Two dyads that have been adopted fairly generally as central to design for modern humanity are: individual vs. collective, and, man and nature.

The architects that I admire started from the I|C paradigm and ended up in M|N.

The former has an unfortunate tendency to be subsumed by a political reading of the question: what is the order and nature of the relationship between the individual and the collective. This dyad has proved to be a disaster, for example, in psuedo (poser) Marxist/Socialist approaches to mass housing, and is in no small part responsible for the distasteful Post-Modernism that followed in reaction.

So design research in Man | Nature dyad. That is my personal direction and what I think (obviously :) is the appropriate venue of further efforts. (Why: The question of unit-collective is in fact embedded in that dyad. So is the quite topically urgent question of Man | Machine.)

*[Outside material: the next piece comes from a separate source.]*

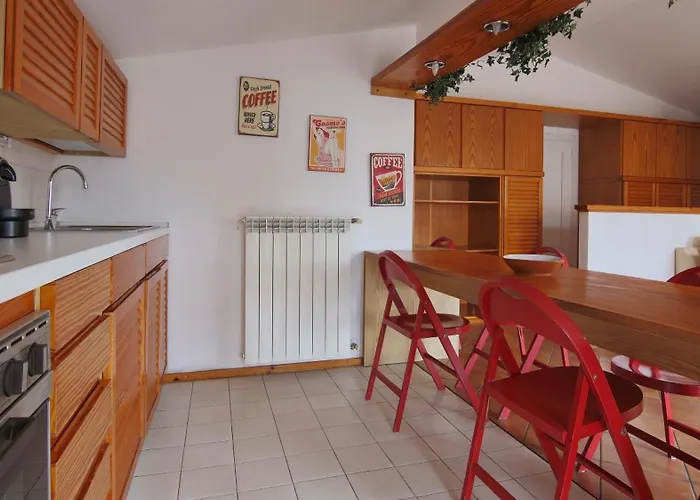 Apartment Italianway - Piazza Nuova 3 *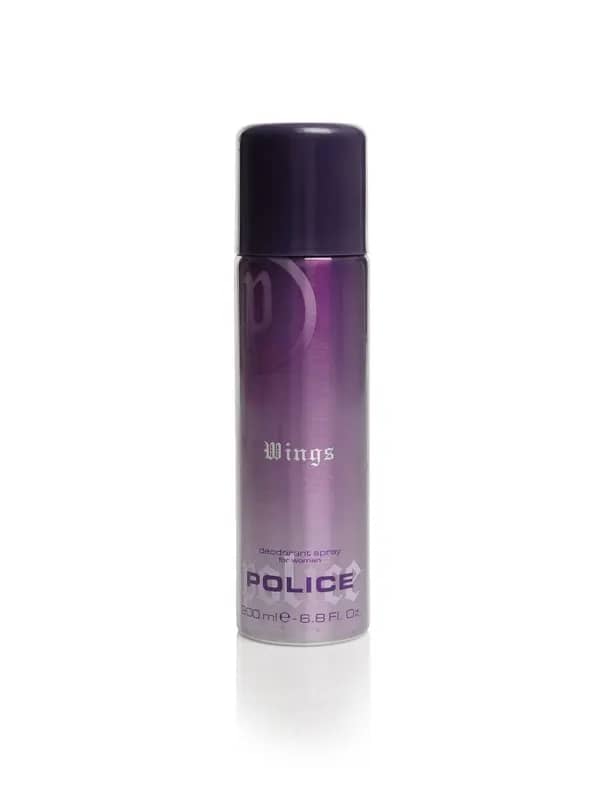 Police Women Wings Deo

Thank you for this well-detailed and educational response. You've thrown a lot of good study prompts in my direction.

One last question – any book recommendations?

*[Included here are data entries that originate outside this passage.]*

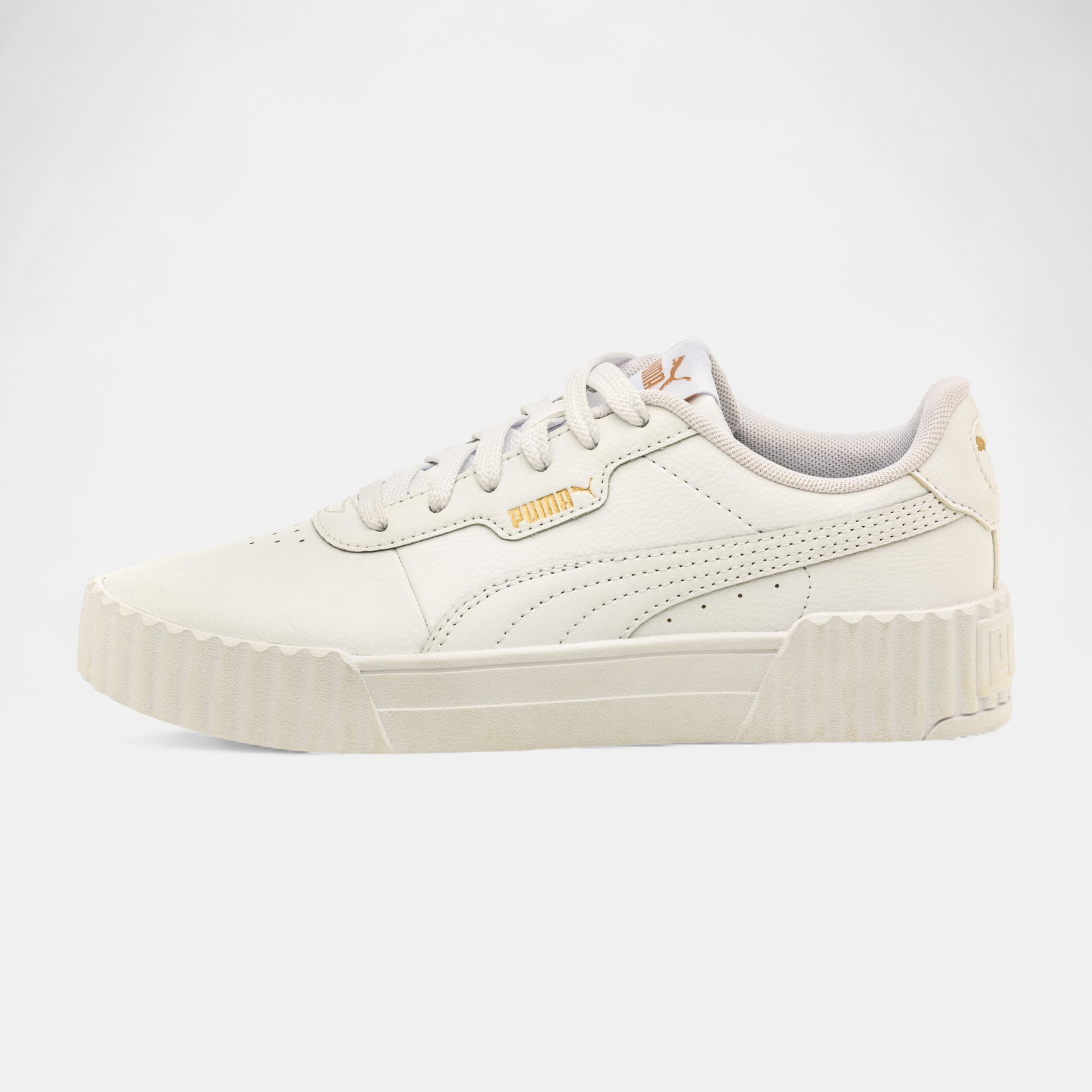 Sneakers Fille blanc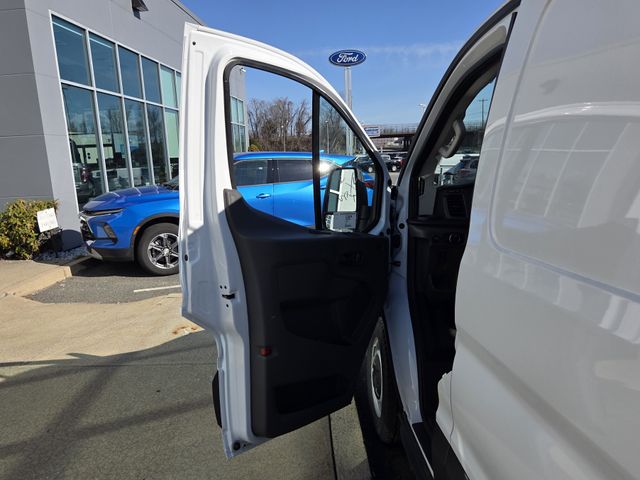 New 2026 Ford Transit 150 - photo 40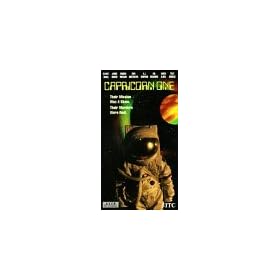 Capricorn One [VHS]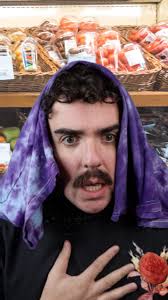 Grocery Store Madness!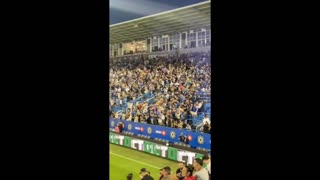 CF Montréal Game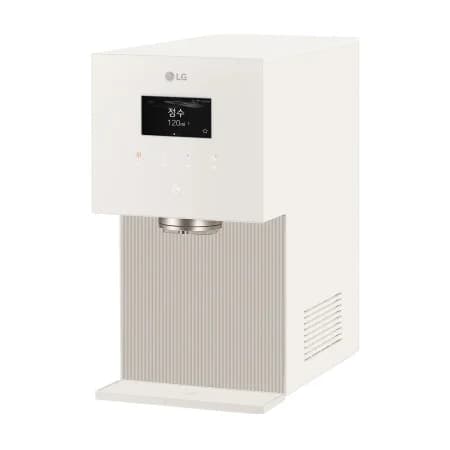LG 퓨리케어 오브제컬렉션 얼음정수기 (WD723RE)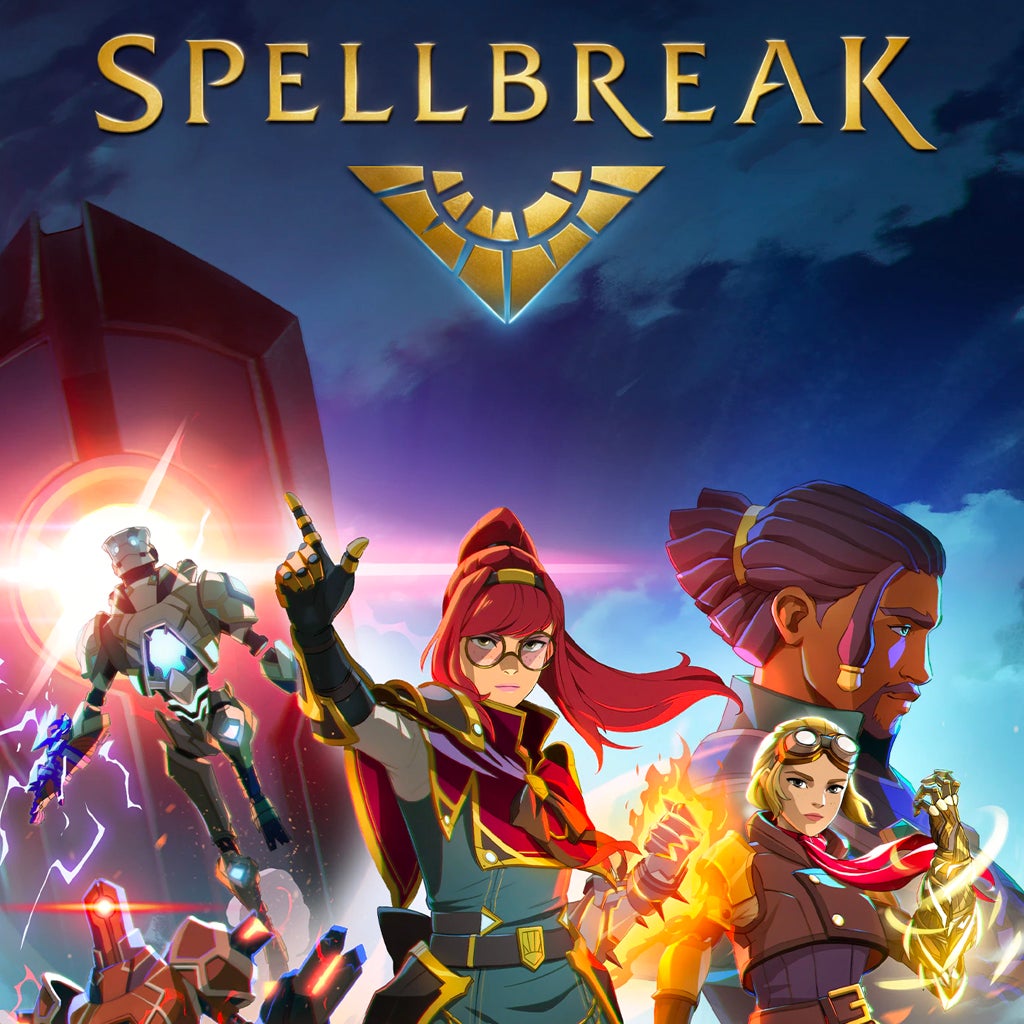 Spellbreak 2020 Wallpapers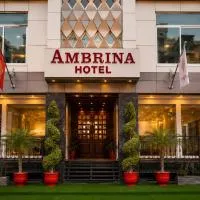 Ambrina Hotel, hotel u gradu Islamabad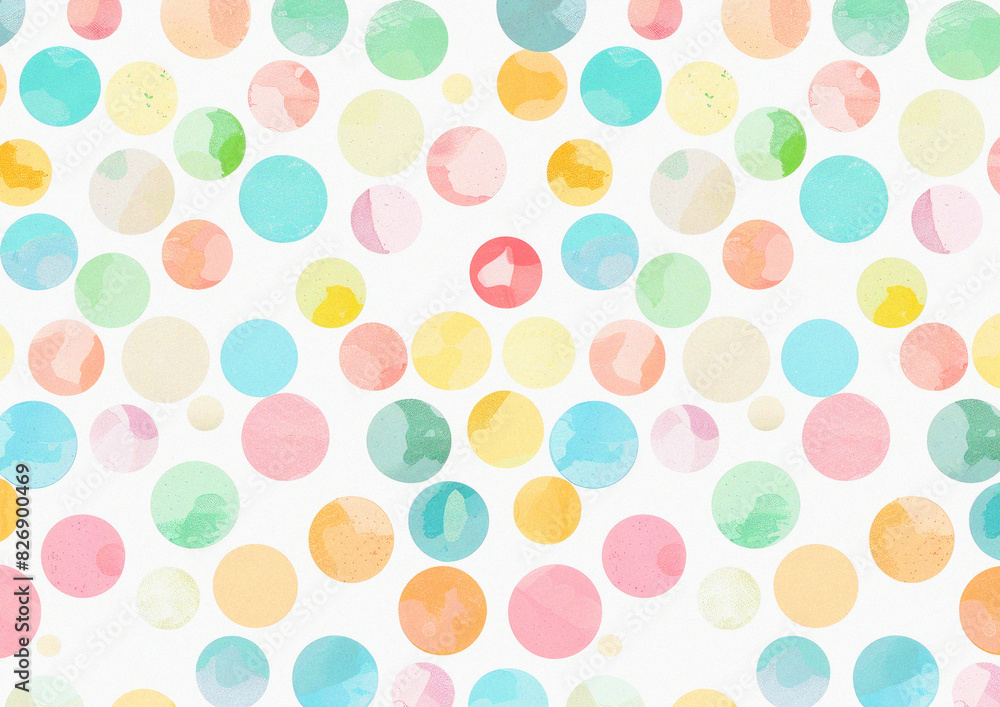 abstract pop style bright dot vibrant color modern pattern in fun theme pattern background abstract pop style bright dot vibrant color modern pattern in fun theme pattern background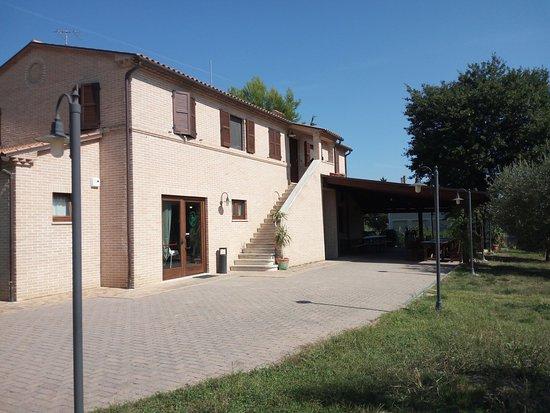 Ristorante Pizzeria Il Bagatto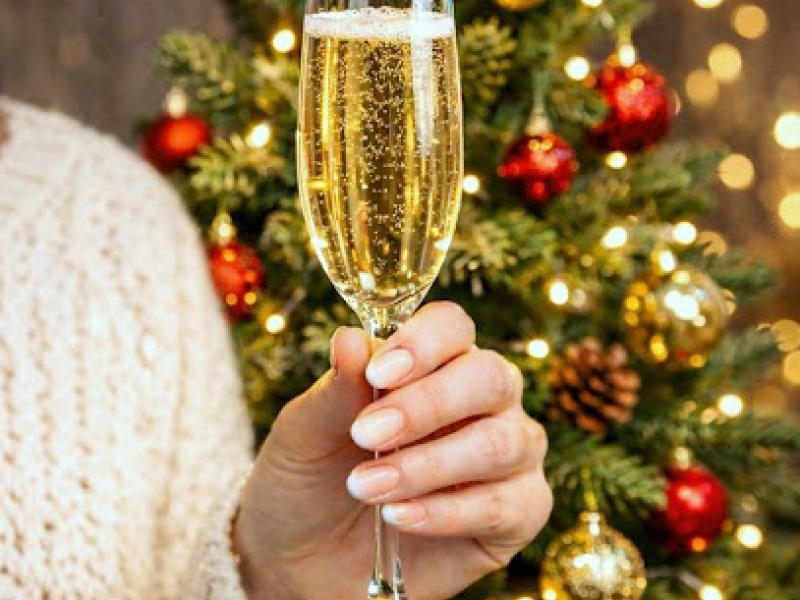 ŻYCZENIA NOWOROCZNE 2025/2026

(Thanks for the kind note and sorry for late reply - missed this.)

No book recommendations, really. That was crystalizing my own thoughts on the matter over the years. Possibly Alexander's latest opus "The Nature of Order" may be informative:

http://www.natureoforder.com/

[Oddly enough, this was hugely influential for me as well: Godel Escher Bach.]

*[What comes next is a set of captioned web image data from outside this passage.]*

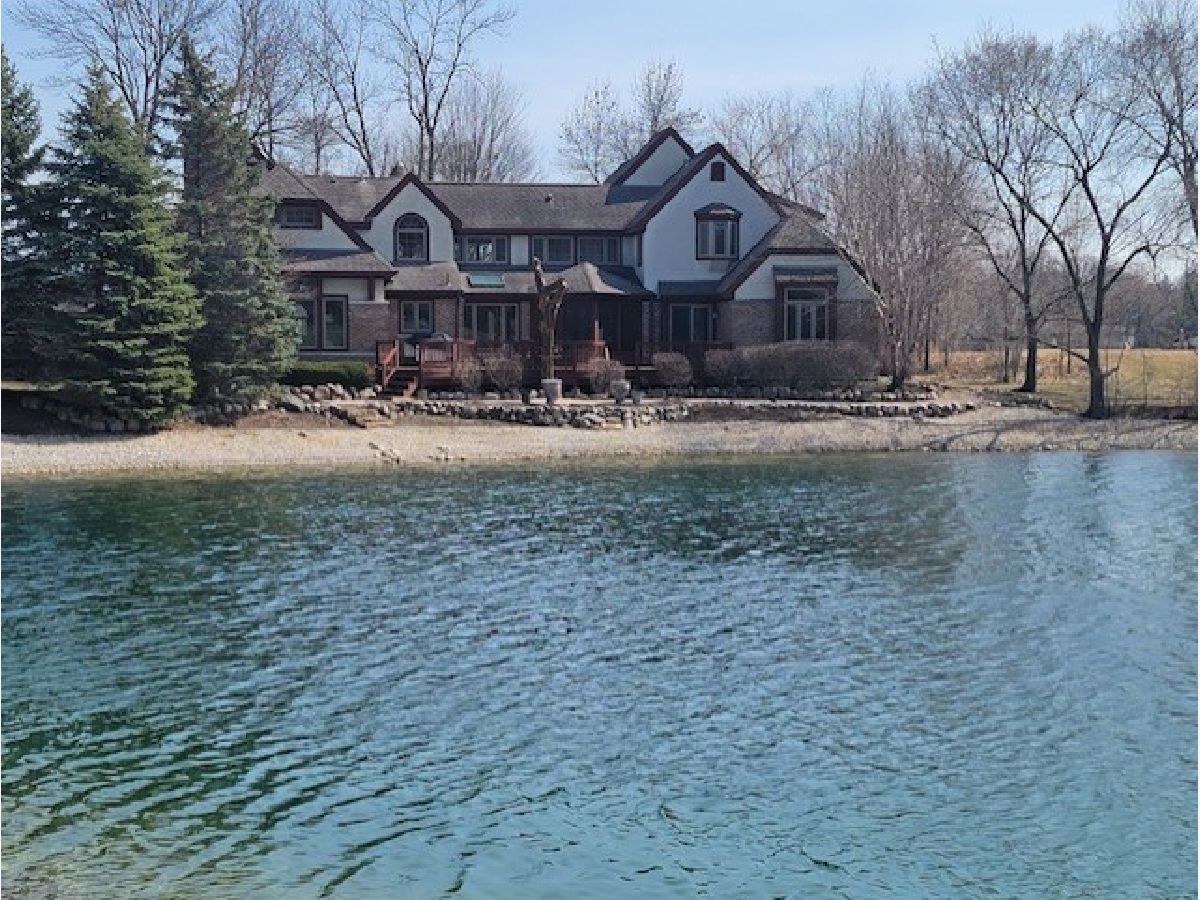 Homes Sold Weston Lake Estates Mchenry Illinois, 2911 Lauderdale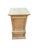 Large Pedestal Restoration Hardware For Sale - Image 15 of 18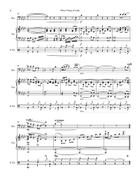 Three Times A Lady Bassoon scores gallery preview page 4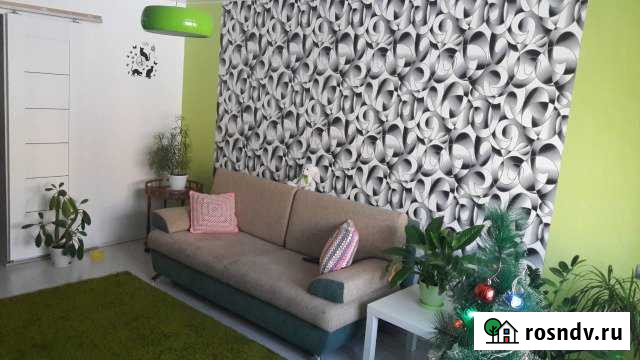 3-комнатная квартира, 61 м², 2/5 эт. на продажу в Фурманове Фурманов - изображение 1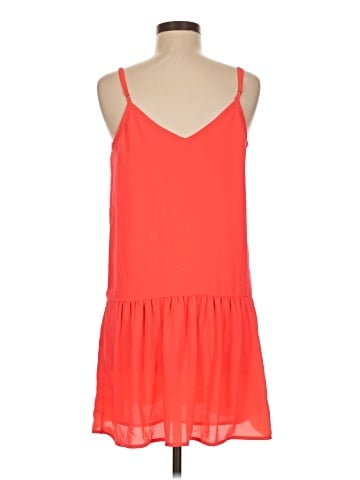 Alya Casual Dress (view 2)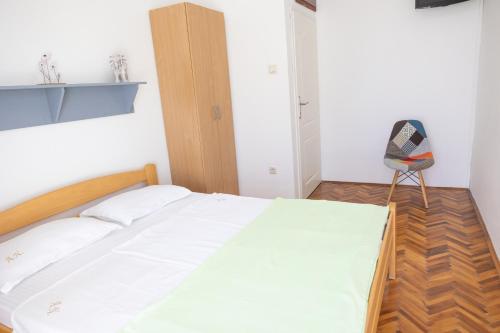 Apartmani Novkovic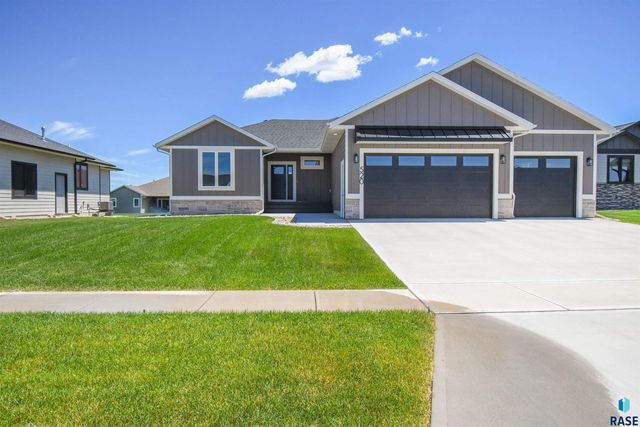 520 Quartzite Ave Avenue, Tea, SD 57064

Could you elaborate on why you think teachers in the Bauhaus were Marxist?

I don't know about Moholy-Nagy specifically, but the founder Gropius tried many times to collaborate with industrialists to get Bauhaus objects to be produced (sometimes successfully) and his most famous architecture project was the Fagus factory. I really didn't see any Marxism in his ideas...


I didn't say all of them. Utopian Left, is that better? [see p.s.]

This is a very good read and answers your questions far better than I could:

International Communist Current: Success and failure of the Bauhaus (2012):

https://en.internationalism.org/icconline/201207/5066/succes...

p.s. Actually we can answer that question based on the topic.

Bauhaus was inventing forms for industrial production. This means using machines with the inevitable reduction of human labor in the production process. As this logically would ultimately reduce workers to consumers and designers (as ultimate reduction of craftmanship), the ownership of the production means is an issue. Unless this owned by the state, Bauhaus then is guilty of pretending to socialism while helping industry tycoons retool their factories. I opt for their sincerity and thus the unspoken truth of Bauhau's social program has to be a state where non-labor capital is owned by the people/state. Otherwise, they would focus on design that required substantial human involvement.